Dans une interview accordée à la chaîne qatarie Al Jazeera, le président algérien Abdelmadjid Tebboune révèle que la Tunisie « fait face à un complot ». Déchiffrage d’un message énigmatique.
Politique internationale, nouvelle configuration géopolitique au Maghreb, relations avec ses voisins directs, notamment le Maroc et la Tunisie. Tels étaient les sujets brûlants que le président algérien, Abdelmadjid Tebboune, abordait, mardi 21 mars 2023. Et ce, lors de son passage sur la chaîne qatarie d’information en continu, Al Jazeera. Mais, ce sont ses déclarations sur la Tunisie qui auront soulevé le plus d’interrogations et pour cause. Ainsi, l’intervenant déclara tout de go que notre pays « fait face à un complot ». Avant d’affirmer solennellement que l’Algérie « sera toujours aux côtés de la Tunisie quoi qu’il advienne ».
Complot
La Tunisie exposée à un complot tissé par des puissances étrangères ou par la main de ses propres enfants? S’agit-il, comme on a pu imaginer de prime abord, d’une coalition internationale malveillante? Laquelle, préoccupée par « la dérive autoritaire » du régime en place, table sur « l’effondrement » de la Tunisie. Et qui manœuvre à étouffer sciemment notre économie, en sabotant l’éventuel accord salvateur avec les bailleurs de fonds, notamment le FMI?
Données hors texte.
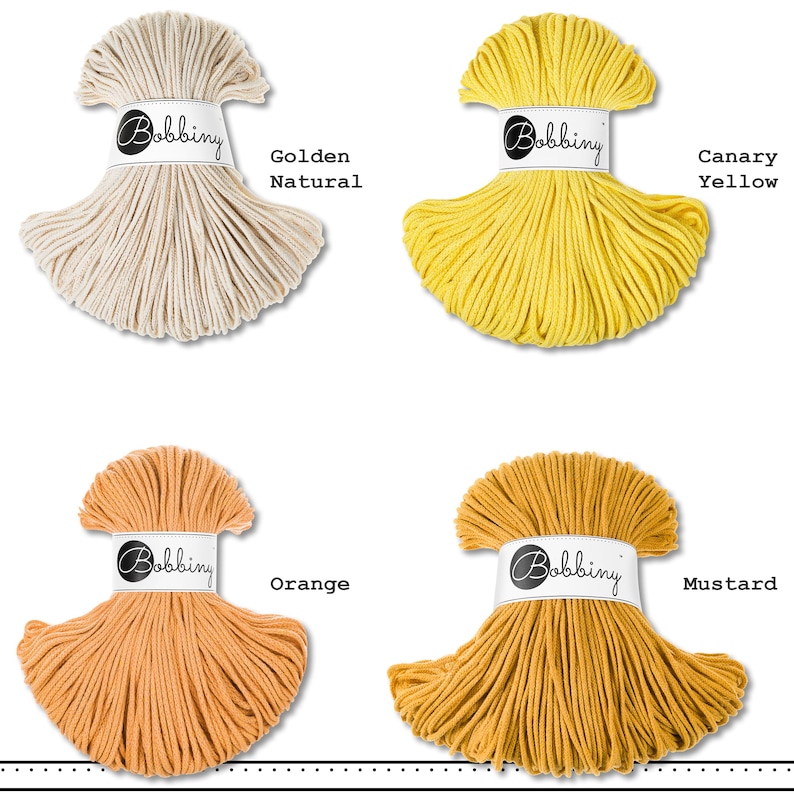 K&ouml;nnte beinhalten: Vier B&uuml;ndel Bobbiny-Kordel in einer Gitteranordnung. Die Farben sind als Golden Natural, Canary Yellow, Orange und Mustard beschriftet. Jedes B&uuml;ndel ist mit einer wei&szlig;en Papierbanderole versehen, die das Bobbiny-Logo in schwarzer Schrift zeigt.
Il n’y a pas que cela. Selon l’invité interviewé par deux journalistes algériens, Abdelklader Ayadh et Khadija Benguenna, « les choses se sont beaucoup aggravées en Tunisie depuis que le président de la République, Kaïs Saïed a reçu le chef du Front Polisario, Ibrahim Ghali ». Surprise!
Une allusion sans équivoque à la grave brouille diplomatique avec le Maroc; après que le chef de l’Etat, provocation suprême aux yeux de Rabat, eut accueilli le président de la République arabe sahraouie démocratique du Polisario à sa descente d’avion. Et ce, au même titre que les autres présidents et chefs de gouvernement venus assister au sommet Japon-Afrique (Ticad8) que la Tunisie a accueillis les 27 et 28 août 2022. Un geste jugé hostile par le royaume chérifien qui décida de boycotter le Sommet et de rappeler ipso facto son ambassadeur en Tunisie. Carthage y avait répondu par un geste similaire.
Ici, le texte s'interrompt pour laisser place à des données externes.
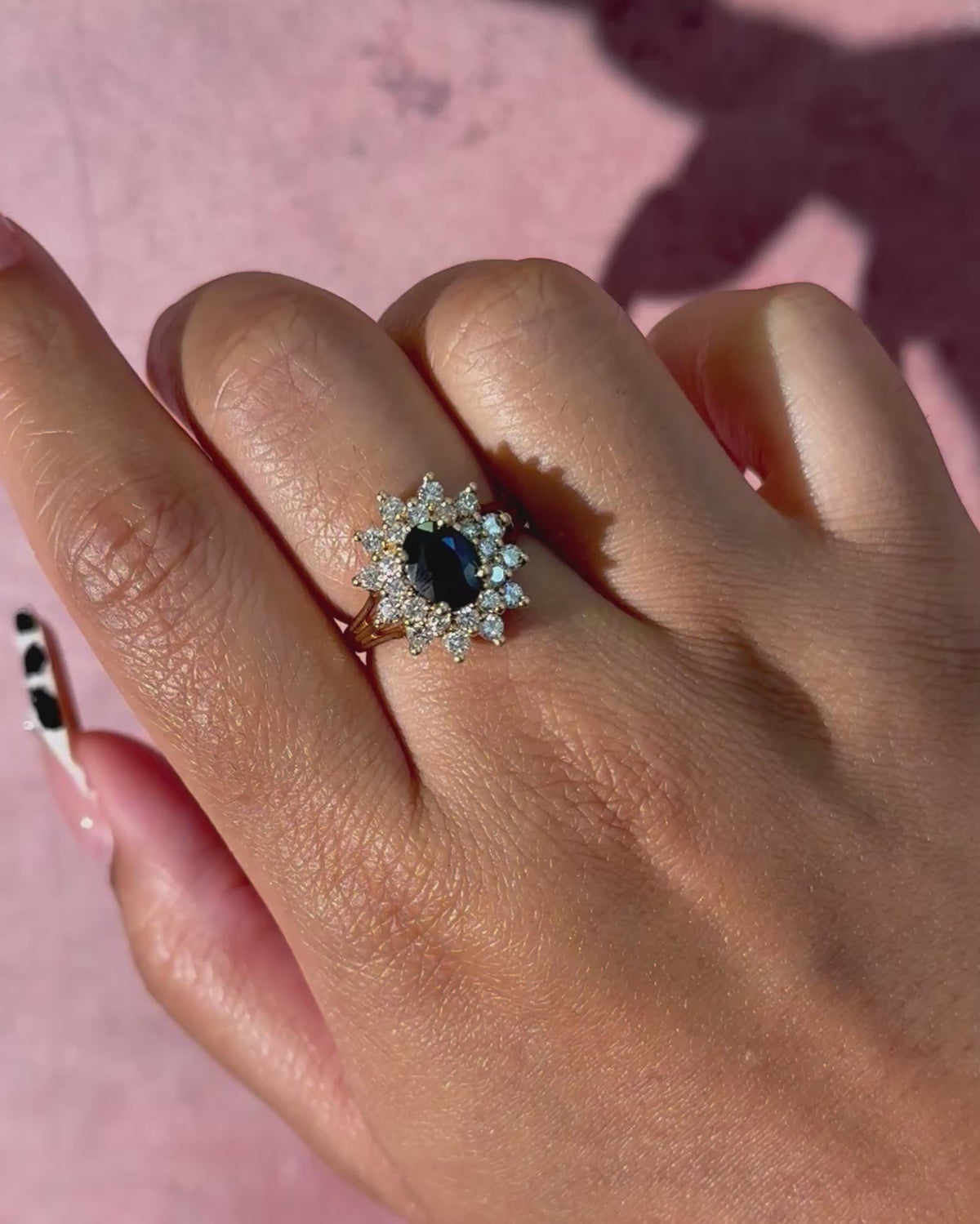 1.79-carat Sapphire Daisy Ring &amp; 0.60-carat Diamonds, 6.04 g, "Hélène"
Ainsi, nos ennuis ont commencé après avoir déroulé le tapis rouge au chef du Polisario. C’est ce qu’affirme le président algérien, un homme d’Etat qui n’a pas l’habitude de parler en l’air? Alors, qu’en faut-il déduire?
Un soutien « indéfectible »
Soulignons d’autre part que l’actuel locataire du Palais El Mouradia a réitéré à l’occasion son soutien « indéfectible » à la Tunisie. Affirmant qu’il n’accepte pas « l’ingérence étrangère dans les affaires intérieures de la Tunisie ». Et qu’à son tour, l’Algérie ne « s’immisce pas dans les affaires de ce pays voisin ».
« Votre soutien concerne-t-il la Tunisie ou le chef de l’Etat tunisien? » Ainsi questionna, non sans malice, la journaliste qui dirigeait l’entretien? « A Kaïs Saïed en tant que chef de l’Etat tunisien. D’ailleurs, un symbole élu par son peuple. Au demeurant, il n’a pas accédé au pouvoir par la force ou à la suite d’un coup d’État », répliquait-il du tic au tac.
Un soutien de poids pour le président de la République, Kaïs Saïed. Alors même que nos relations bilatérales avaient pris un coup de froid, suite à l’affaire de l’opposante franco-algérienne Amira Bjaoui « infiltrée illégalement » via la Tunisie.
Pont de non retour
Et qu’en est-il des relations avec le Maroc avec lequel les relations diplomatiques algériennes ont été coupées depuis le mois d’août 2021?
Le chef de l’Etat affirme « qu’elles ont atteint le point de non retour ». Tout en déplorant que les relations entre les deux pays aient atteint ce stade de dégradation. « La position de l’Algérie est une réaction aux actions hostiles du Maroc », ajoute-t-il.
De toute évidence, M. Tebboune fait référence au plaidoyer, le 15 juillet 2021, du représentant permanent du Royaume à l’ONU, Omar Hilale ; et ce, lors de la réunion ministérielle du Mouvement des Non-Alignés. Ce dernier avait dit : « L’autodétermination n’est pas un principe à la carte. C’est pourquoi le vaillant peuple kabyle mérite plus que tout autre de jouir pleinement de son droit à l’autodétermination. »
Pour le régime algérien, à fleur de peau sur le principe de l’unité nationale, toutes les lignes rouges auront été allégrement franchies.